Are you locked in a comparison game with a friend who's become skinnier, higher-paid or more (insert something you want) than you? Trying to one-up each other is an endless game, especially if your self-worth gets knotted up in it. Save your friendship from embittering rivalry with these refocusing techniques.
It's a common tragedy. At one time or another, all of us women have found ourselves caught in a web of icky competition with another sister. Whether she started it or *gulp* we did, the game is on and we can't seem to stop trying to outdo her or feeling snubbed by her jabs of superiority.
There are few things uglier than two talented, smart women going at each other's throats. Heaven knows, we have enough enemies without having to turn on each other. Here are some things to think about for diffusing the tension.
Sometimes envy — and the need to outdo someone — comes from a basic (and innately harmless) desire to simply get to do what they do. For example, if you're seething at a woman who is confident and easy-going in her conversations, you might take a step back and realize that you crave a bolstered esteem in your own interactions. Use your envy as an arrow pointing you to a desire that you're ignoring. Your emotions might be telling you something completely different than you think.

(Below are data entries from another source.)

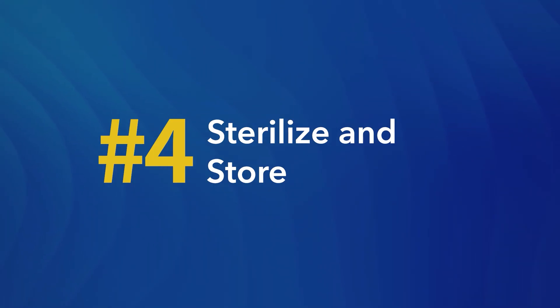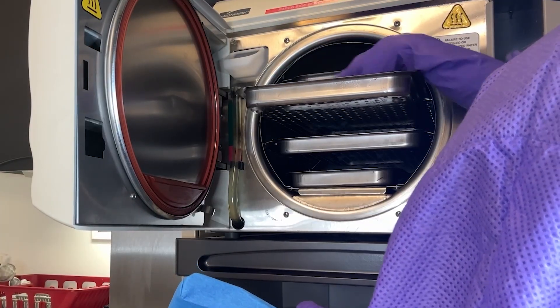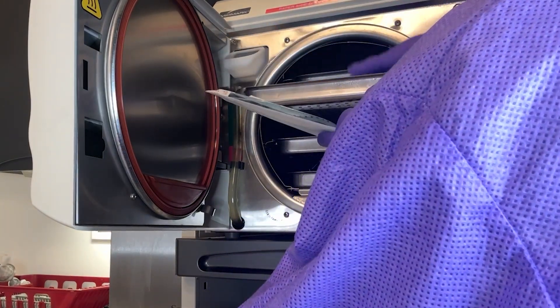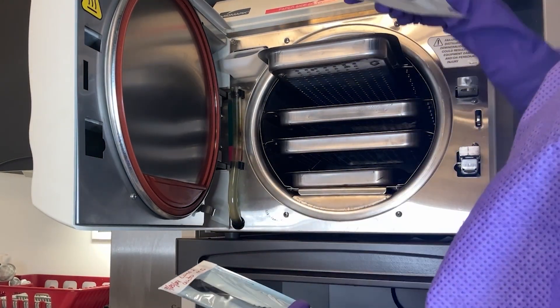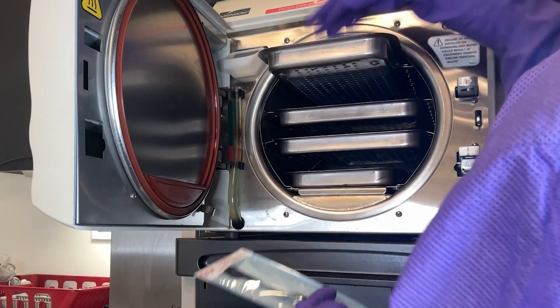Number four: sterilize and store. The sterilization step allows all instruments to be free from any viable microorganisms. It's important to properly store these instruments to help ensure they stay sterile until they're used again. Place the packaged instruments into the sterilizer, following the manufacturer's instructions for load configuration and cycle parameters.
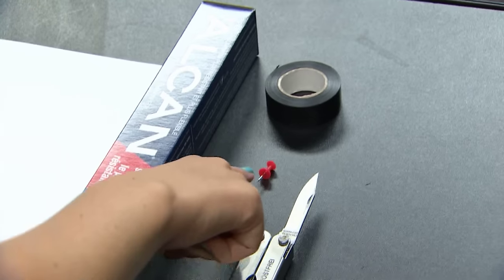You need a box, one sheet of white paper, aluminum foil, tape, a thumbtack, and a knife or scissors.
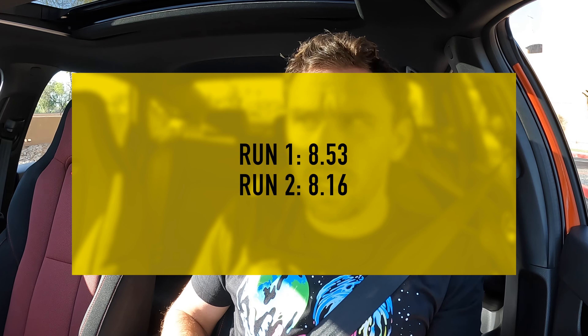That was much better — I mitigated wheel spin off the line instead of dumping the clutch. That should be a quicker time. Still hit the rev limiter shifting from second to third. Zero to 60 time was 8.16 seconds — that one was verified. That still seems slow, so we'll do one more run in normal mode, then switch over to sport.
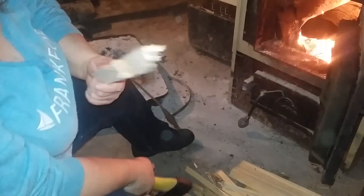Sometimes it's just a perfect piece of wood for your kindling.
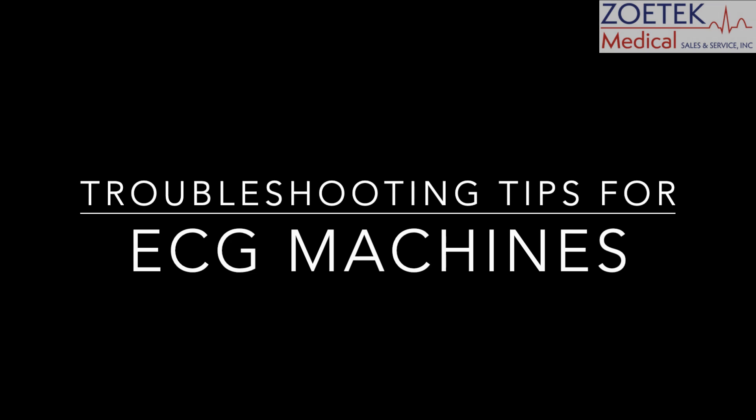Today we will be diagnosing several common EKG failures and implementing effective troubleshooting methods.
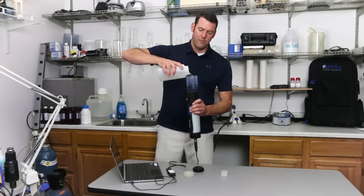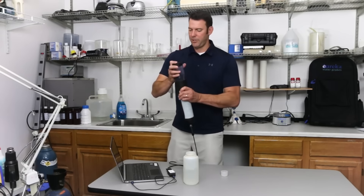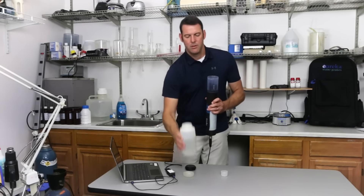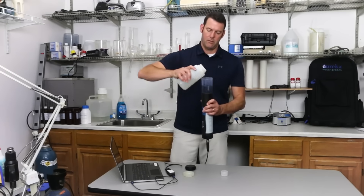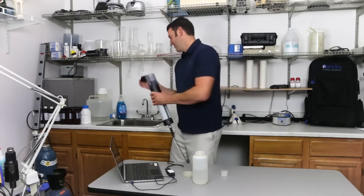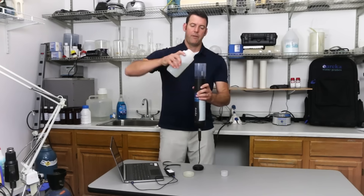First rinse — a little shake — pour that out. Second rinse. Now fill it up.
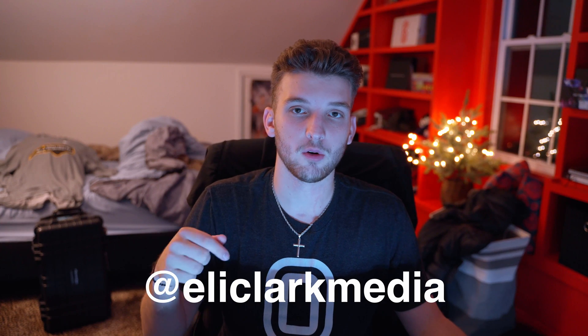If you guys want to go purchase that, it will help out the channel a lot and it will make your videos look a lot better. If you've already bought the V1 LUT pack, you can DM me on Instagram — my Instagram will be right here and the link will also be in the description.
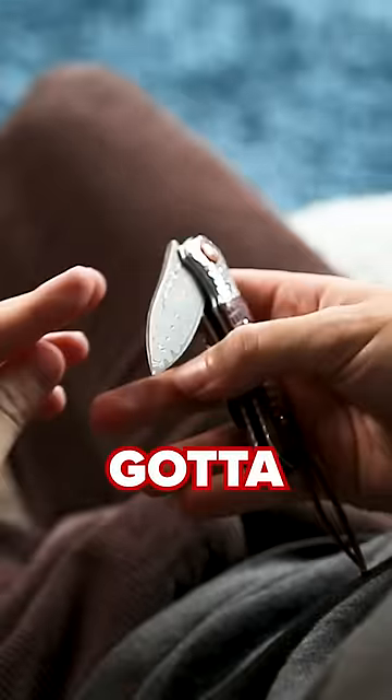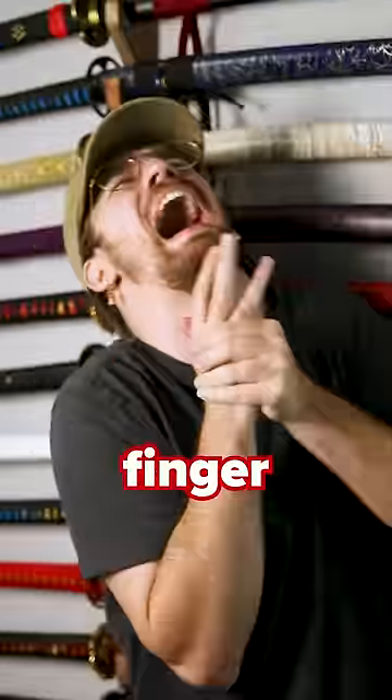Number two: watch your fingers. When you close the knife, you've got to make sure your fingers are out of the way. It sounds stupid, but I've already lost a finger to it.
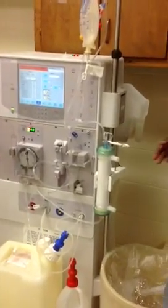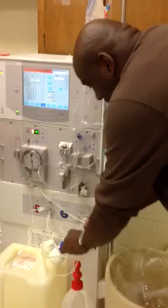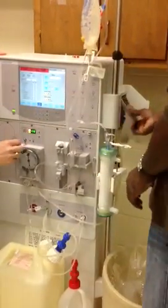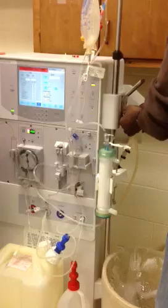We're going into recirculation. So you take one at a time, take those off, and open that door. And slide the silver part back on the blue one.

Rivalry is usually double-sided, which means everyone involved is insecure, no matter what it looks like on the outside. Your rival will lose her taunting power if you can see her as a frightened woman who is trying just as hard to prove herself as you are. Compassion is an amazing game-changer. If you can get there, you will see her efforts for what they are, instead of challenges, and you'll have the freedom to step aside without retaliation, instead of fuming and planning your next move.
This is where it gets tough. Sometimes the best thing you can do is walk up and tell her something nice. It will blow her mind. I recommend steering clear of compliments that deal with physical things. She doesn't need to know her hair looks good (she can turn those kinds of remarks against you, too), but she'll melt if you tell her how much you appreciate her work, her insightful words or her dedication to a cause.
These things will take courage and soul-searching on your part, but will absolutely erode the bitterness. These will push you and your rival back onto the territory of peace with the possibility of friendship. And that's something worth fighting for.